# Alternator Wiring



## hayes68gto (Jun 19, 2012)

This may be a stupid question, but the car was in pieces when I bought the car. I put on a new alternator. The existing wiring has 2 connectors, but nothing to the ground terminal. When I start the car, the generator light stays on. I wondered if I have to ground the alternator and if so...what is the best place? Any advice?


----------



## BearGFR (Aug 25, 2008)

The alternator ought to ground just fine through its housing to the brackets to the block.. etc.
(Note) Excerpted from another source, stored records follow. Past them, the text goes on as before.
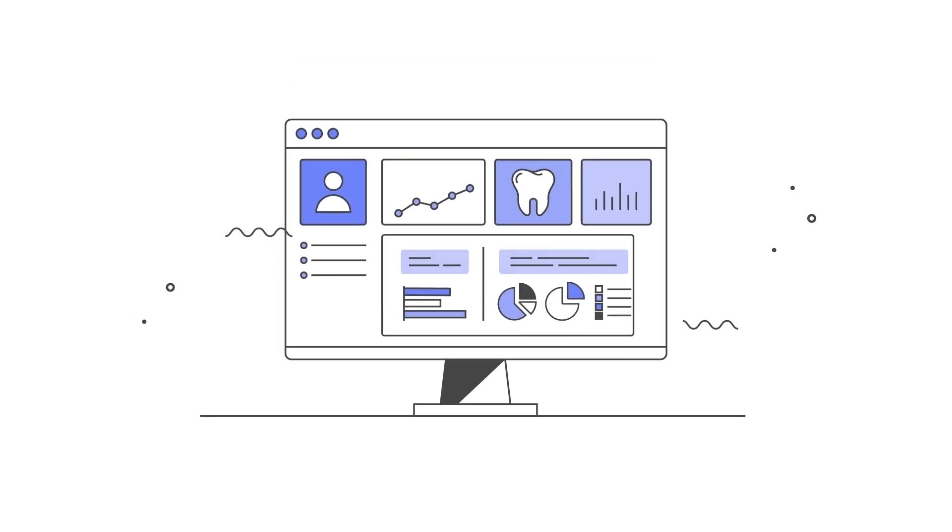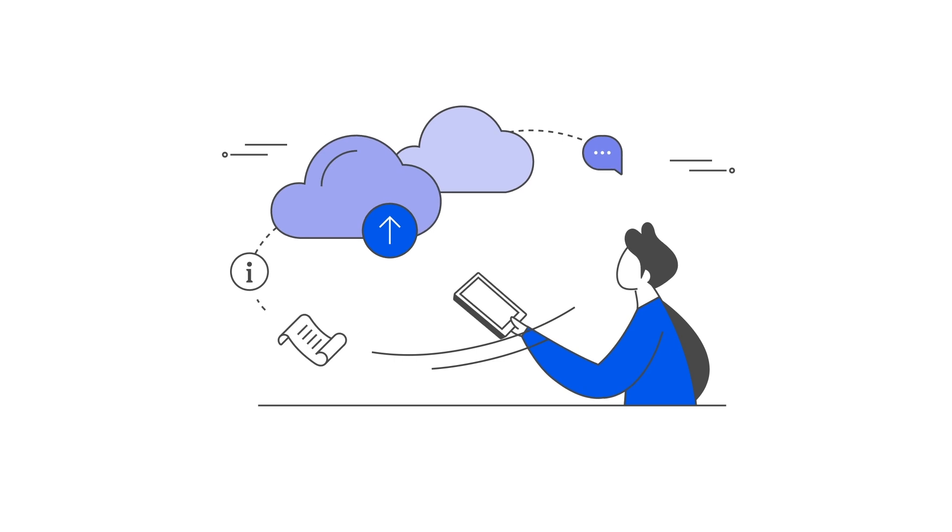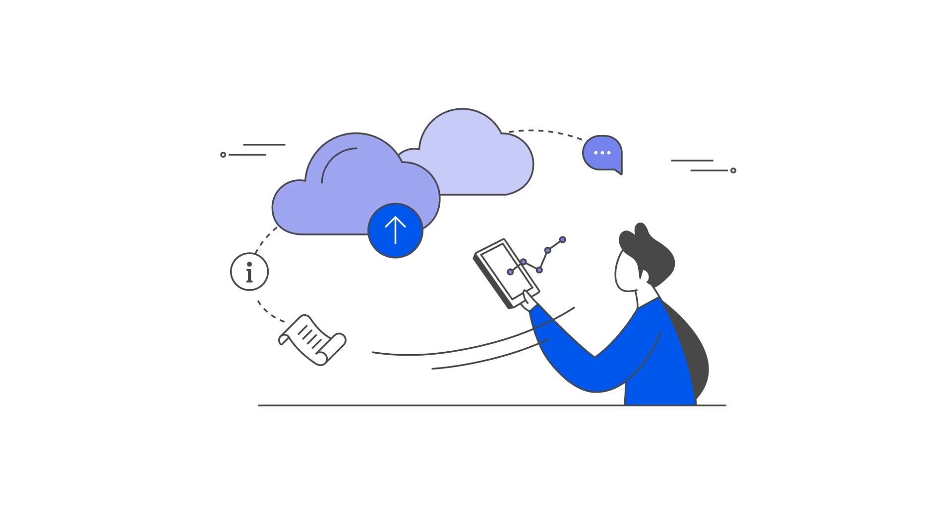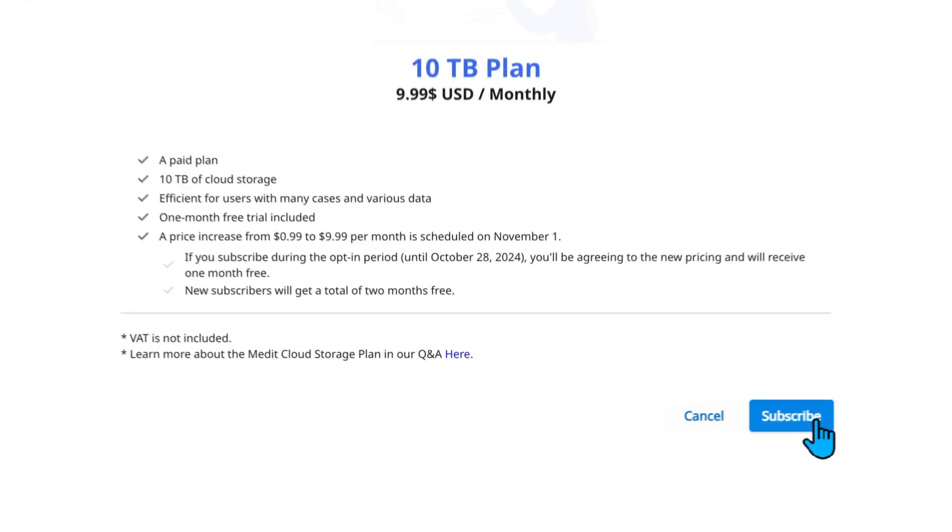If the cloud storage space is insufficient, you will be asked to either free up space or sign up for a cloud storage plan. We recommend getting a cloud storage plan as it is the easiest way to increase your cloud storage capacity.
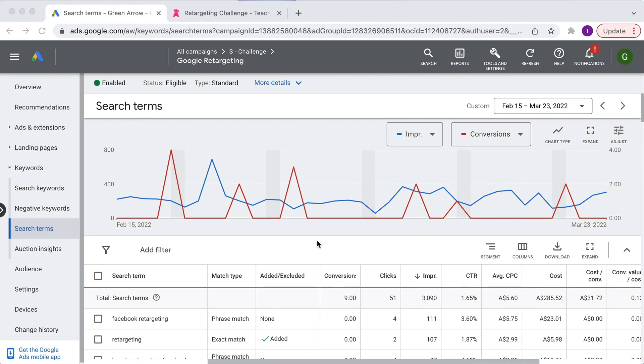So there you have it — that's all the information about quality score. Hope you enjoyed this video. Thanks, Ilana, for this great information. If this video helped you out, please hit that like button so we can share it with more people. And if you want to find out more about AdWords, tracking, and analytics, check out this playlist right over there. From everybody here at Measure School, happy measuring.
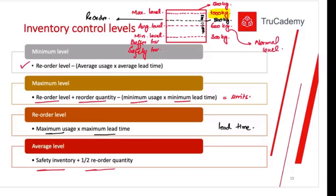A student asked: once we reach the reorder level and know we must place an order, what should the size of that order be? Should we place a big or small order? The answer is to use the Economic Order Quantity (EOQ). The EOQ equation tells us the optimal order size. Why EOQ gives the best order size will be covered later.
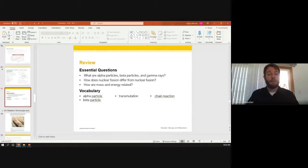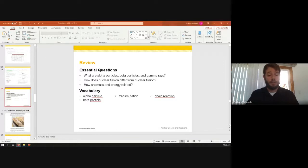Please load up the 20-2 nuclear chemistry worksheet — it should be in your upcoming tab, or find it in the week 14 folder.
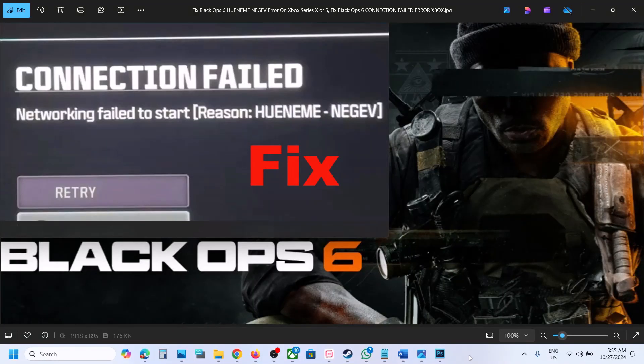Hello guys, welcome to my channel. Today in this video I'm going to show you how to fix this error on your Xbox console.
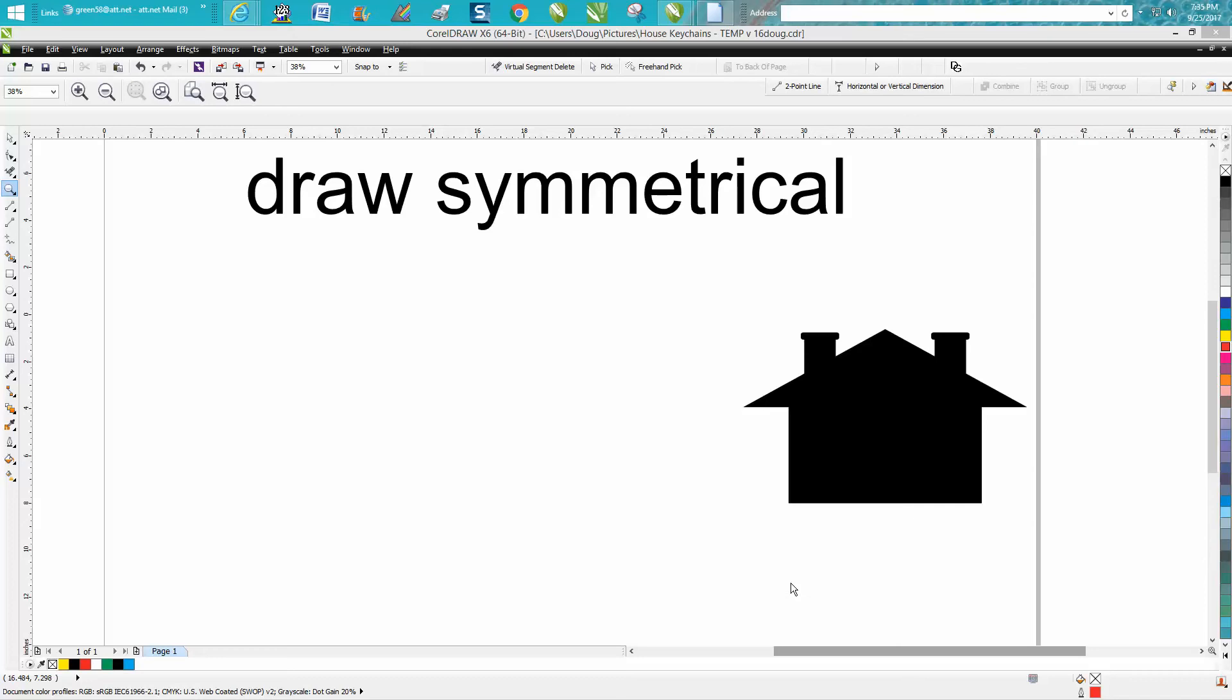Hi, it's me again with CorelDraw Tips and Tricks. Just the other day I made a video on how to create this chimney equally on both sides of the house so you could use it in a jig. If you haven't watched that video, you won't really understand what I'm talking about, but it's for a cutout.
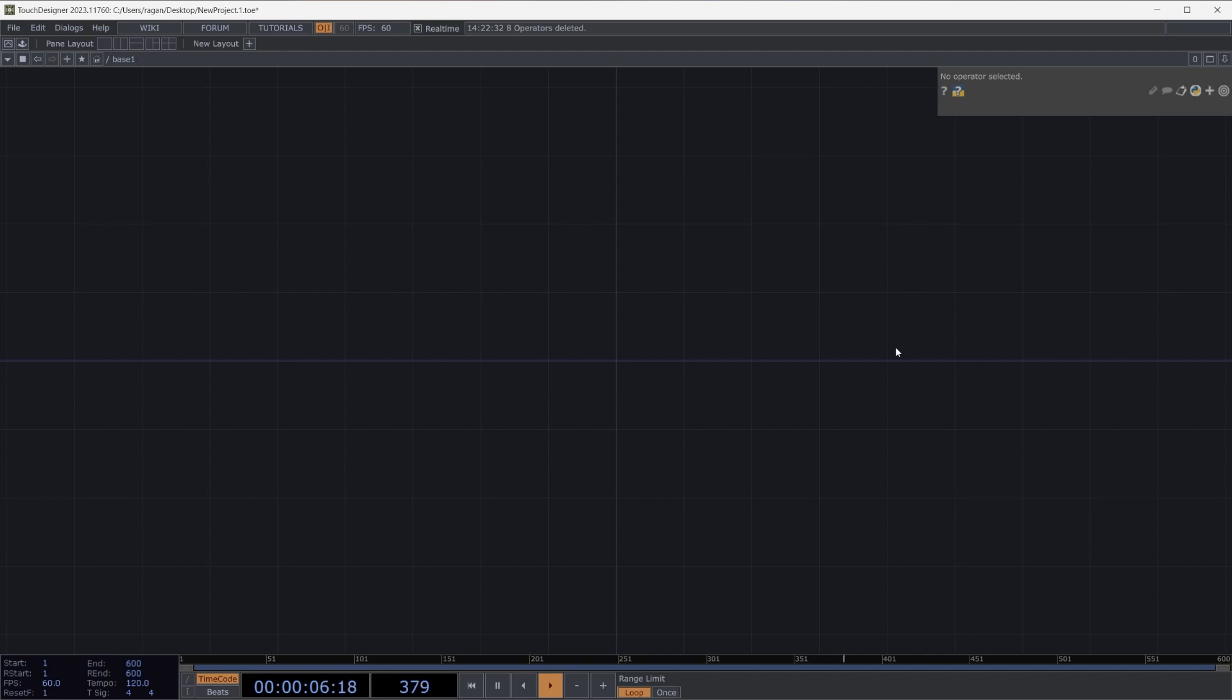Welcome to sequencing events with the TimerChop. In addition to handling single events, many times we need to think about a series or sequence of events that happen in time. Let's take a look at how we might use a TimerChop to address some of these needs.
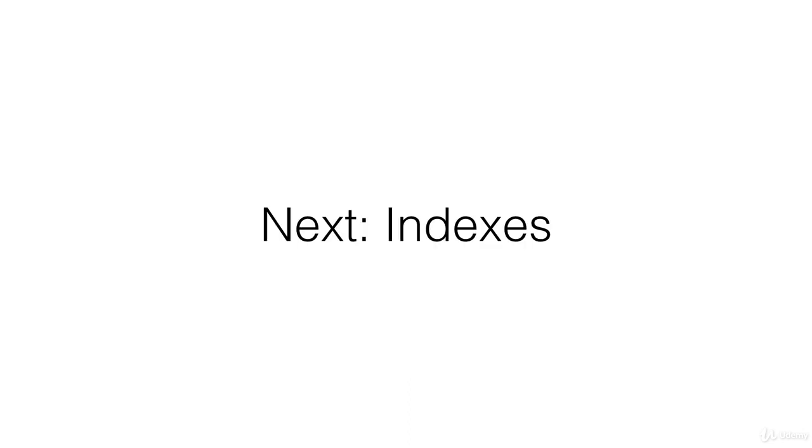So that's all for relationships in MongoDB. Next up we'll be talking about indexes.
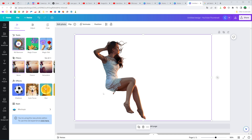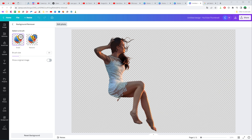However, sometimes it messes up and we can use the eraser tool to delete some objects that are not removed automatically. To do that, click that icon and it moves us to the editor mode where we can select the eraser. We can also change the brush size and then remove some objects manually, just like that.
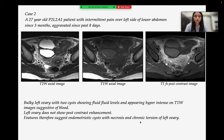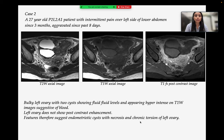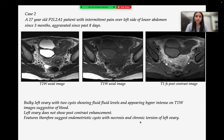Case 2 is a 27-year-old P2L2A1 patient with intermittent pain over the left side of the lower abdomen since 3 months, aggravated over the past 8 days. The images show a bulky left ovary with two cysts showing fluid-fluid levels and appearing hyperintense on T1, suggesting the presence of blood. The left ovary does not show post-contrast enhancement, and features suggest endometriotic cyst with necrosis and chronic torsion of the left ovary.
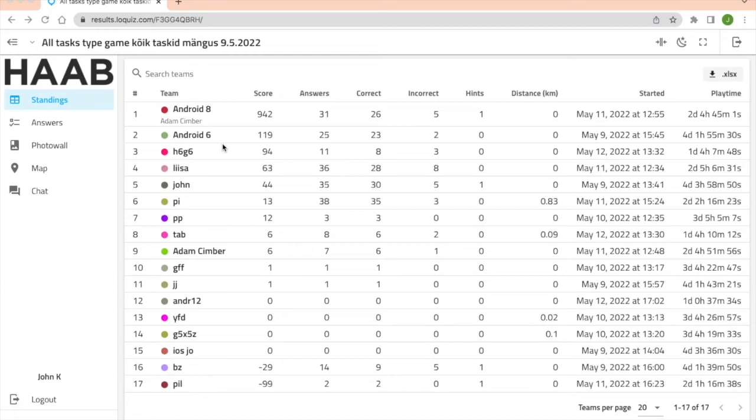Hi! In this video I'm going to show you how you can use the results page.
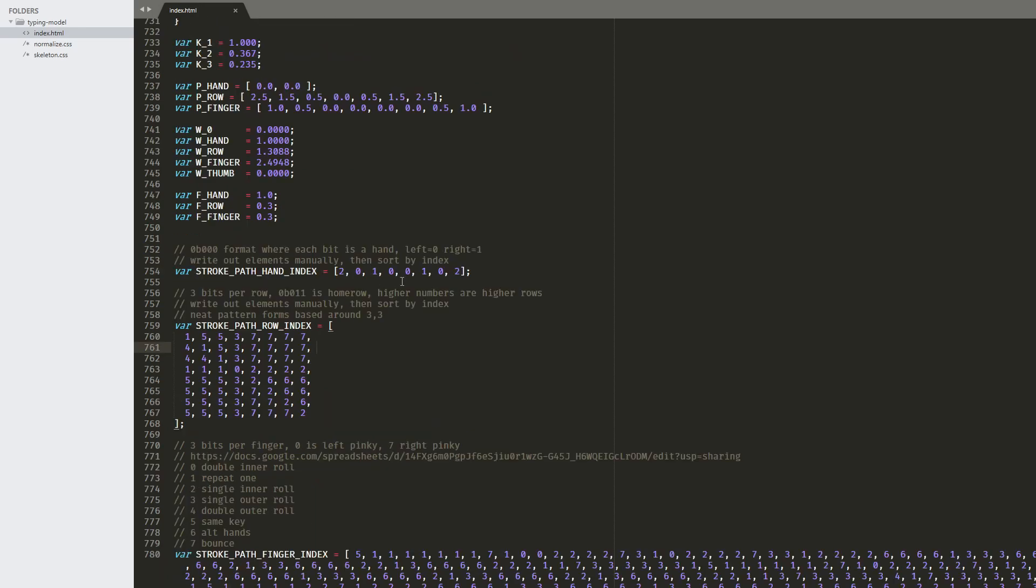And the tables for the hands and the rows can be simplified into these matrices that just basically look at the bits of the hand, like zero being left and one being right, and chooses which index to use. And the same with the row, but it's a little more complicated.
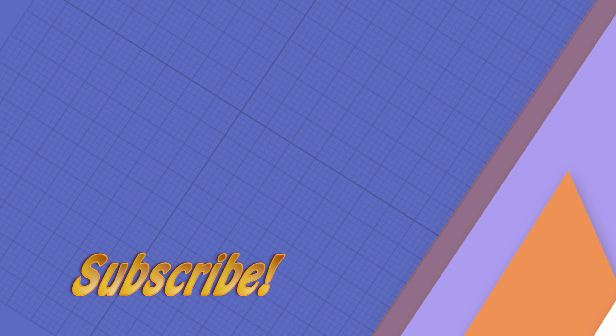So thanks for watching guys. As usual, more information available in the description. Like the video if you found it helpful, leave me a comment if you need some help, and if you're already subscribed I'll see you in the next video. Bye!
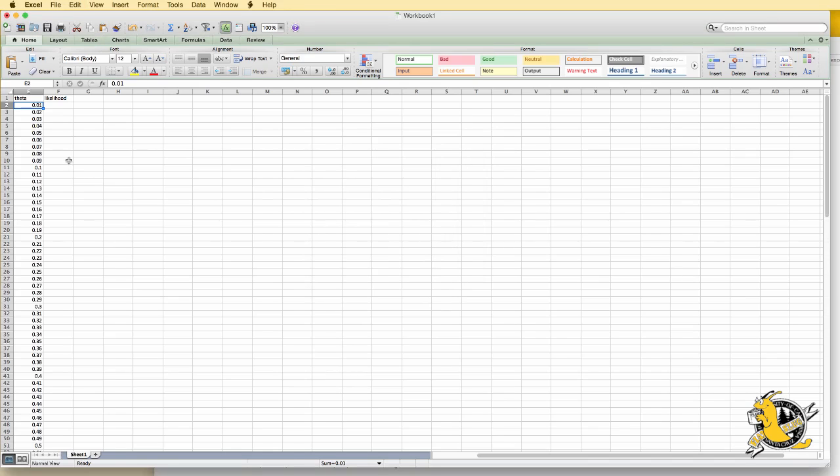So now Excel has filled it in from 0.01 up to 0.99. For the likelihood, we'll create a function.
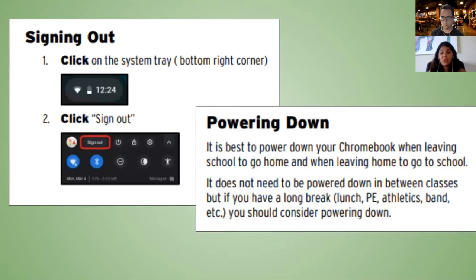Now we're logged in. In the bottom left corner there's a little circle — that's your app launcher. Click it and you'll see any apps associated with your account. The bottom bar is the Chromebook shelf, and the apps you see there are pinned to your shelf. In the bottom right corner you'll see the keyboard language, the time, battery life, wireless connection, and any recently downloaded files.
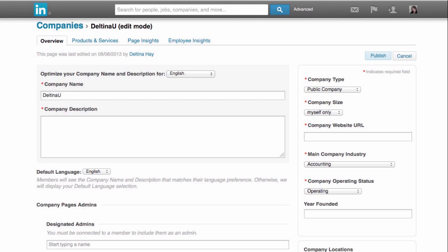There's a lot that you can put on a LinkedIn company page. It's much more robust than a Facebook page. Over here on the left, we see we have our company name and then we have a description. Notice there's no formatting options again. We have a default language and we can choose some company page admins. Then over here on the right, we can choose a company type, put in your website URL, choose a company industry, and the year founded.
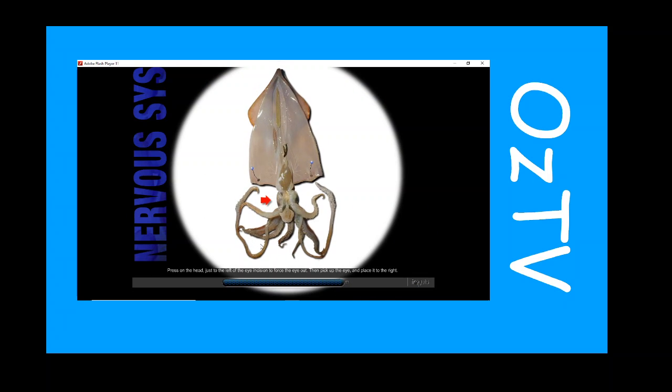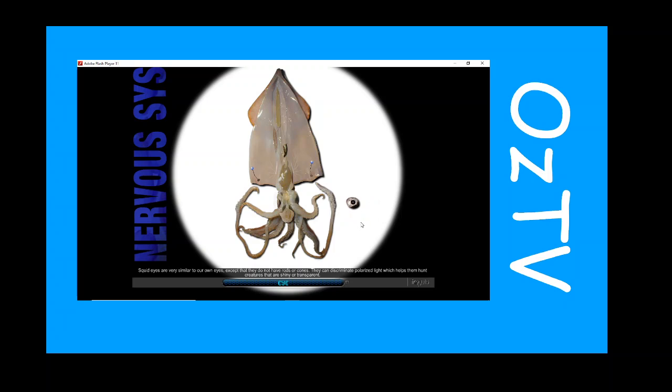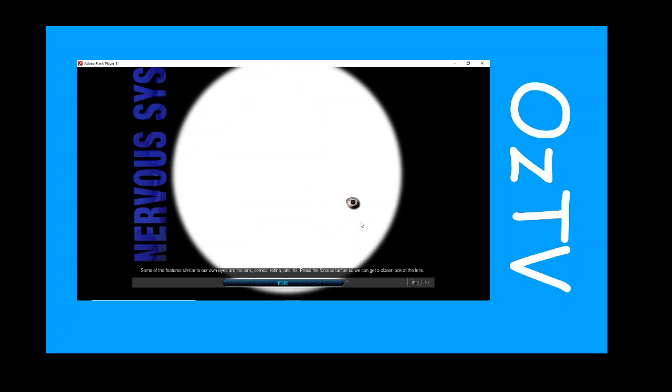Press on the head, just to the left of the eye incision, to force the eye out. Then pick up the eye and place it to the right. The squid eyes are very similar to our own eyes, except that they do not have rods or cones. They can discriminate polarized light, which helps them hunt creatures that are shiny or transparent. Some of the features similar to our own eyes are the lens, cornea, retina, and iris.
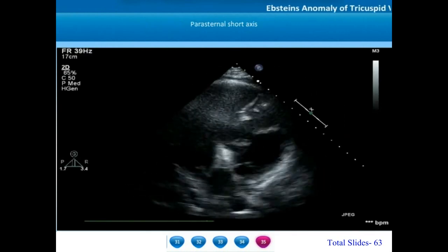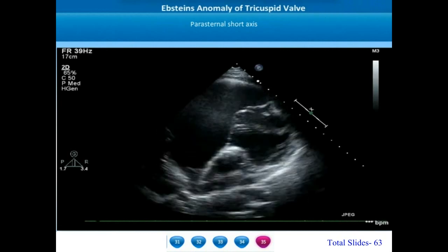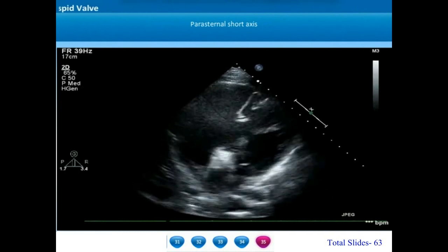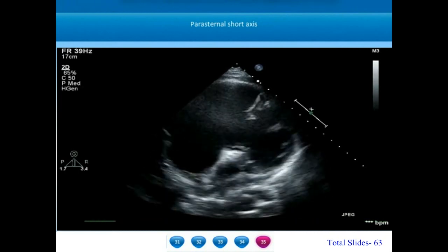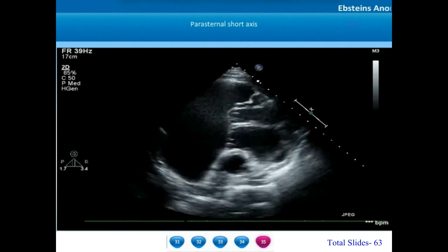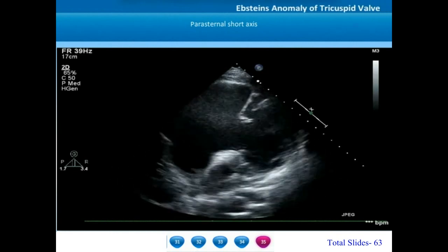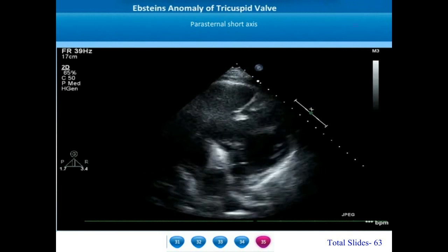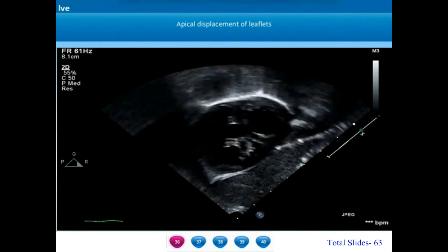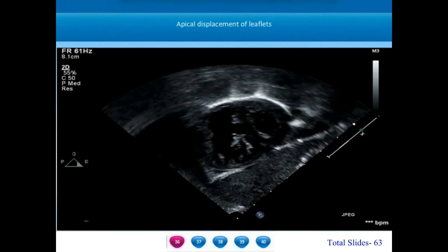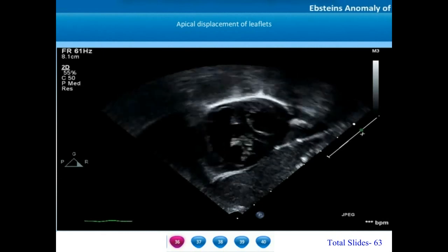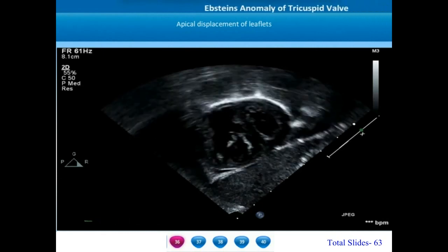On parasternal short axis, we can appreciate significant displacement of all the leaflets towards the apex. All the leaflets are well mobile; however, the orifice is directed towards the right ventricular outflow tract. This rotation of the tricuspid valve must be recognized before surgery. On a subcostal short axis view, we can also notice the apically displaced leaflets. As we sweep the probe more towards the left ventricle apex, we start appreciating the apically displaced septal and posterior leaflets.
First things first. Find out if the light is lying to you. Get yourself an inexpensive digital multimeter if you don't already have one. Start the car, measure dc voltage at the battery terminals. If you've got 14.4 volts (or very close) then you know your alternator is charging and the light is lying to you. If you DON'T have at least 14 volts, then highly suspect you've got a bad alternator - take it up to your local big box parts store and have it tested. The circuit that turns the light on is in the voltage regulator, so the problem could be there. Also, check all your fuses, especially the one that goes to "accessories". On my 69, if that fuse blows all the gauges and everything will still work, but the alternator light will come on because with that fuse gone the power that comes off the alternator that's normally used to turn the light off will instead "back feed" through the panel and operate the gauges and lights but the feed from "the other side" that turns the light off can't get there (due to the blown fuse) so the light comes on. Figuring that one out was a real head-scratcher.

Bear.


----------